Oui, le tollé général provoqué par la mobilisation internationale a contraint le gouvernement de Tripoli à ouvrir une enquête sur le drame que vivent des milliers de migrants en transit dans le pays pour l’Europe. Ce qui choque tout le monde, c’est la résurgence d’une pratique que l’on pensait terminée depuis près de deux siècles. Un cauchemar qui revient et rappelle à tous les Africains comment leurs ancêtres ont été marqués au fer rouge par trois cents ans de souffrances.
Si tous les espoirs reposent actuellement sur l’efficacité du gouvernement de Tripoli, il faut se demander ce qu’il peut faire concrètement dans une situation où le pays même est déchiré de part en part et lui échappe.

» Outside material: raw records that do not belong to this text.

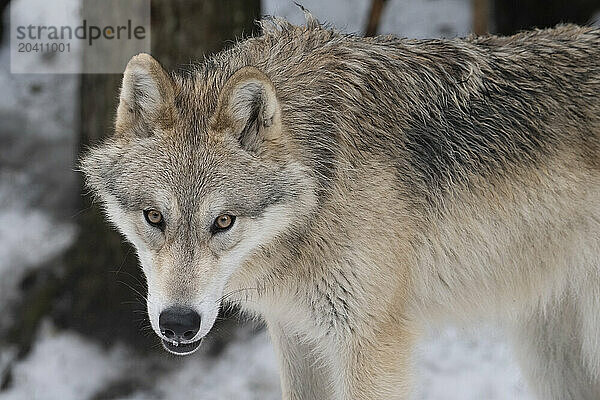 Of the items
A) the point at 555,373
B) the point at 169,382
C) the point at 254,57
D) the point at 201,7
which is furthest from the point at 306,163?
the point at 169,382

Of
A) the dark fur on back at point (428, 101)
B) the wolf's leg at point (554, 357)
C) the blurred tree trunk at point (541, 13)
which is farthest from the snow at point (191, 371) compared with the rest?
the blurred tree trunk at point (541, 13)

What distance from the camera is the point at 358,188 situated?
427 cm

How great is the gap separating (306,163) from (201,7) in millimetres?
3384

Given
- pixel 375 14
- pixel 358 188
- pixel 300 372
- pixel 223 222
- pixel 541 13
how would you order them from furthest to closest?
pixel 541 13 → pixel 375 14 → pixel 300 372 → pixel 358 188 → pixel 223 222

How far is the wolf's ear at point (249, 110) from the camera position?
389cm

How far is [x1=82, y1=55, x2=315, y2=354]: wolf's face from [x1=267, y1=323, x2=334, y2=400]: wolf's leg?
985mm

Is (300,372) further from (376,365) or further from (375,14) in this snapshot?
(375,14)

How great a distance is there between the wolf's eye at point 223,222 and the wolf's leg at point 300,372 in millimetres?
1290

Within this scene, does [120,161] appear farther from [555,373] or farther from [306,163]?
[555,373]

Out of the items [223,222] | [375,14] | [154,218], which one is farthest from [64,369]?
[375,14]

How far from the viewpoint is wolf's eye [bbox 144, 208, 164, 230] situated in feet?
12.8

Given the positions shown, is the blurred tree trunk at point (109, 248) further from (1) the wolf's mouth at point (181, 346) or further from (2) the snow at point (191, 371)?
(1) the wolf's mouth at point (181, 346)

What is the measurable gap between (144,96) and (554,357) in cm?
316

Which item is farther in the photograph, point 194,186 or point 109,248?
point 109,248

Car la Libye, c’est une superficie de 1 759 500 km² (plus de dix fois le Bénin), une population d’environ 6 280 000, mais surtout deux gouvernements rivaux. Le gouvernement de Tripoli dirigé par Faïez Sarraj est soutenu par les Nations unies et la communauté internationale, tandis que celui de Tobrouk, dans le Cyrénaïque, est dirigé par le maréchal Khalifa Haftar, chef en titre de l’Armée nationale libyenne (ANL). Khalifa Haftar est soutenu par l’Egypte et les Emirats Arabes Unies et tient la portion du pays où se produit le pétrole, principale richesse de la Libye. C’est dire que depuis son entrée en fonction à Tripoli en mars 2016, Faïez Sarraj n’est toujours pas parvenu à asseoir son autorité sur l’ensemble du pays, y compris à l’ouest, où des dizaines de milices font la loi. Massacres, kidnappings, travaux forcés, esclavage et viols collectifs sont généralisés sur ce territoire.

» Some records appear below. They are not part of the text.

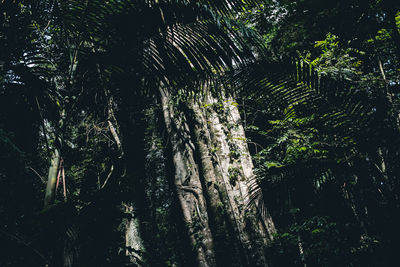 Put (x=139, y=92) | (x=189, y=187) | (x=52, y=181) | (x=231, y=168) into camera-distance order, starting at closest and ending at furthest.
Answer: (x=52, y=181) → (x=139, y=92) → (x=231, y=168) → (x=189, y=187)

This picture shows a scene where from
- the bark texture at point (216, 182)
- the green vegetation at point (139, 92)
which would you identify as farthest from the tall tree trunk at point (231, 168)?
the green vegetation at point (139, 92)

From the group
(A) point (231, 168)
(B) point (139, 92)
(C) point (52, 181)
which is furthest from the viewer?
(A) point (231, 168)

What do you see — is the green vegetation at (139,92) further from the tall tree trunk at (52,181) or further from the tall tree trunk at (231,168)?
the tall tree trunk at (231,168)

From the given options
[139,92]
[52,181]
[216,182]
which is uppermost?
[139,92]

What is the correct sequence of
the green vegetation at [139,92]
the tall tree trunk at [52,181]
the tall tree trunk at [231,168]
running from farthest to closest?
1. the tall tree trunk at [231,168]
2. the tall tree trunk at [52,181]
3. the green vegetation at [139,92]

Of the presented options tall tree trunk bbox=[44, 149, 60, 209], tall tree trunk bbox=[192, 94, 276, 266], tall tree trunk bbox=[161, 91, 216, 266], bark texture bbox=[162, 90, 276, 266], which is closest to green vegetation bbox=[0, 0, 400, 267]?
tall tree trunk bbox=[44, 149, 60, 209]

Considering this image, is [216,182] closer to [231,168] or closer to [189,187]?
[231,168]

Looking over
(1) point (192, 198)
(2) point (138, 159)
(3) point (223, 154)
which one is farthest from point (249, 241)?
(2) point (138, 159)

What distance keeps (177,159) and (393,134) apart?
3.63 metres

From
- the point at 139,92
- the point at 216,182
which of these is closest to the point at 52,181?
the point at 139,92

Mais c’est aussi un passage obligé des migrants qui rêvent d’Europe. L’Italie est à 300 km des côtes libyennes et ils sont prêts à tout pour y arriver. Selon les derniers chiffres de l’Organisation internationale pour les migrations (OIM), près de 156.000 migrants et réfugiés sont arrivés en Europe par la mer depuis le 1er janvier (contre près de 341.000 durant la même période en 2016), dont 73% en Italie. Près de 3.000 sont morts en tentant la traversée. Malgré ces statistiques hallucinantes, les Africains sont de plus en plus nombreux à vouloir affronter la mer, la faim, la soif, les viols et l’esclavage au besoin, pour sortir du continent.

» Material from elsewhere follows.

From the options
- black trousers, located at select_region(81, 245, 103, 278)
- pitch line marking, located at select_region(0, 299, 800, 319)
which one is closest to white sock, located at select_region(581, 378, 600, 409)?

Minée par les guerres, le chômage, la mauvaise gouvernance et le mal-vivre, l’Afrique est vécue par beaucoup de ses citoyens comme un enfer. Pendant que les ressources dont dispose le continent ainsi que ses potentialités de progrès leur disent que l’Afrique est une terre d’avenir, une bonne partie des Africains, y compris l’immense majorité de ceux qui restent, pensent que l’eldorado est ailleurs. Dans certaines contrées, partir est entré dans la culture. Il en est ainsi par exemple dans la région de Kayes au Mali, en Gambie, au Sénégal ou dans le département de la Donga (et surtout la commune de Djougou), au Bénin. Dans les pays qui ne sont pas en guerre, cette culture du départ est profondément ancrée dans les mentalités, malgré l’esclavage, les naufrages et toutes les misères dues à la clandestinité en Europe même. Il en est ainsi par exemple de cette dame quadragénaire de Cotonou qui a fermé sa belle boutique et liquidé ses affaires pour vivre l’aventure européenne. De patronne menant grand train à Cotonou, elle est aujourd’hui ouvrière agricole, exploitée comme une esclave en Espagne. Cet autre, déjà grand-père de 51 ans, choisit de laisser femmes, enfants et petits enfants à Cotonou, pour vivre dans la clandestinité en France. A la recherche d’un hypothétique paradis.
S’il faut combattre les Libyens, c’est d’abord cette culture du départ qu’il faut combattre. S’il faut combattre les Libyens et leur racisme, les Algériens ou les Marocains pour leur racisme contre les négro-africains qui passent les frontières chez eux, c’est bien d’abord contre le chômage, le sous-emploi, la personnalisation de l’action politique, la politisation de l’administration, la corruption de la justice et la mauvaise gouvernance qu’il va falloir lutter d’abord. A défaut de mettre fin ou de combattre sérieusement et sauvagement ces goulots d’étranglement, il n’y a aucun espoir possible : l’esclavage va continuer en Libye.